Modern Japanese has words for both green (緑 midori) and blue (青い aoi adj.; 青 ao n.), although the boundaries are not the same as in English. Ancient Japanese did not have this distinction: the word midori only came into use in the Heian period, and at that time (and for a long time thereafter) midori was still considered a shade of ao. Educational materials distinguishing green and blue only came into use after World War II, during the Occupation: thus, even though most Japanese consider them to be green, the word ao is still used to describe certain vegetables, apples and vegetation. Ao is also the name for the color of a traffic light, “green” in English. However, most other objects — a green car, a green sweater, and so forth — will generally be called midori. Japanese people also sometimes use the English word “green” for colors. The language also has several other words meaning specific shades of green and blue.

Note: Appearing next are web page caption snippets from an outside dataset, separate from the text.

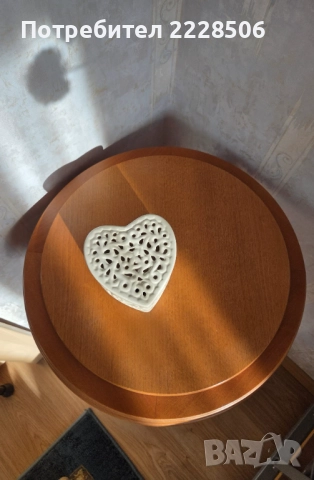 Помощна маса със скрито отделение!!! Много добро състояние!!!, снимка 3 - Маси - 52934375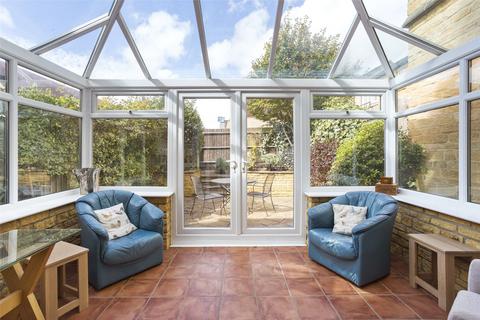 5 Gordon Close, Broadway, WR12 7BJ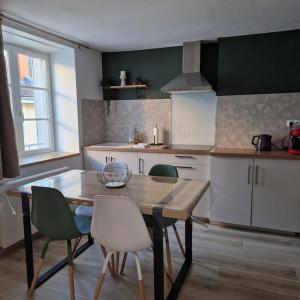 Appartements Studio Rue Carnot Le St Pierre : photos des chambres
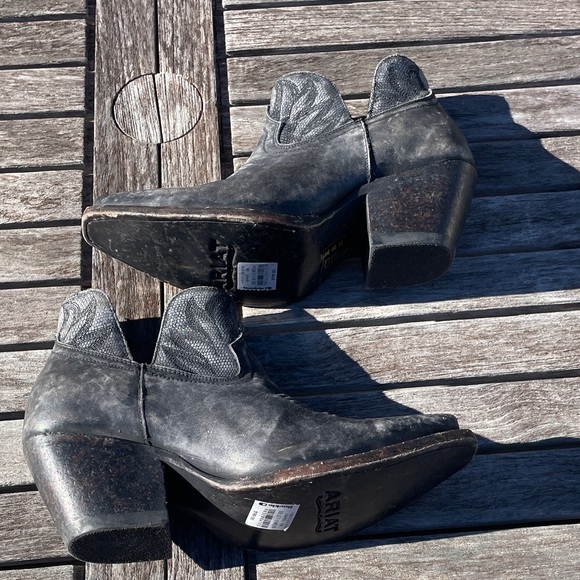 Ariat Hazel Sz 7.5 Women's Distressed Black Ankle Booties - Picture 10 of 16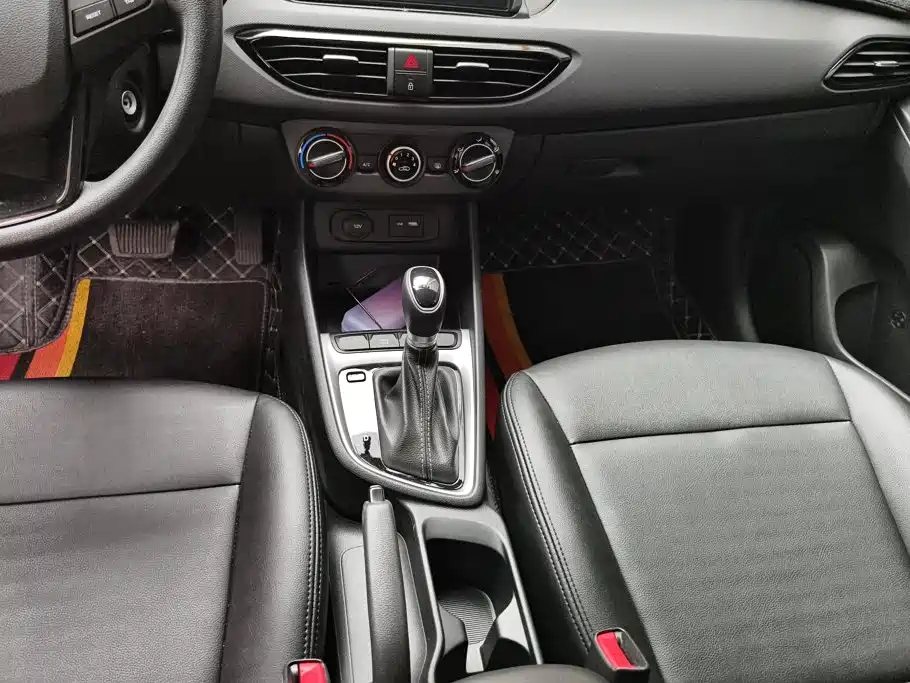 Hyundai Elantra — миниатюра 16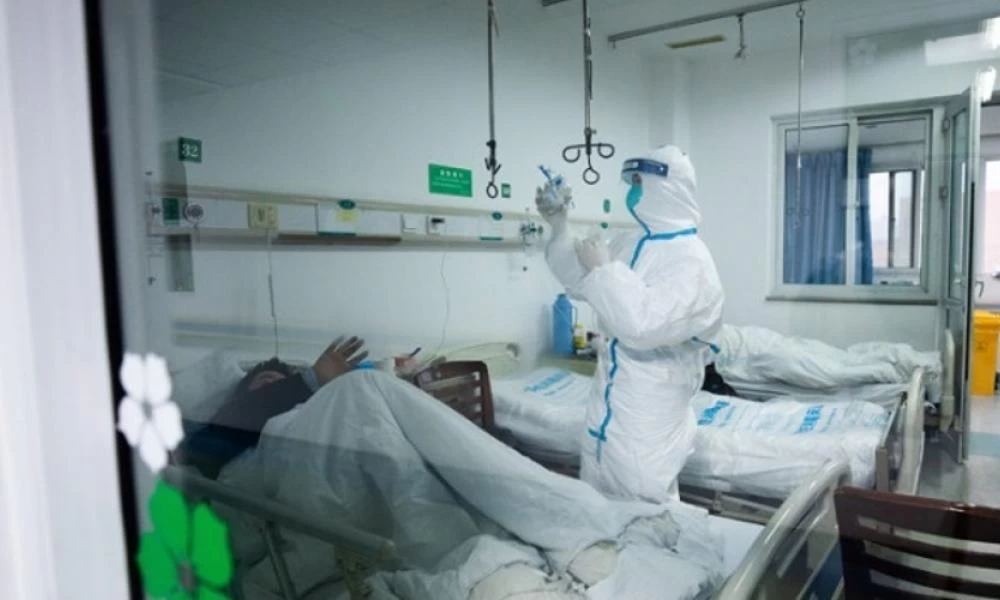Έκτακτη σύσκεψη πραγματοποιούν οι λοιμωξιολόγοι για νέα μέτρα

….The modern Chinese language has the blue-green distinction; however, another word which predates the modern vernacular, qīng (青), is also used. It can refer to either blue or green, or even (though much less frequently) to black, as in xuánqīng (玄青). For example, the Flag of the Republic of China is today still referred to as qīng tiān, bái rì, mǎn dì hóng (”Blue Sky, White Sun, Whole Field Red”); whereas qīng cài is the Chinese word for “green vegetable”.…..
May 12th, 2006 at 10:00 pm
Ah, thanks for the follow-up wikipedia article. Makes sense now — sort of!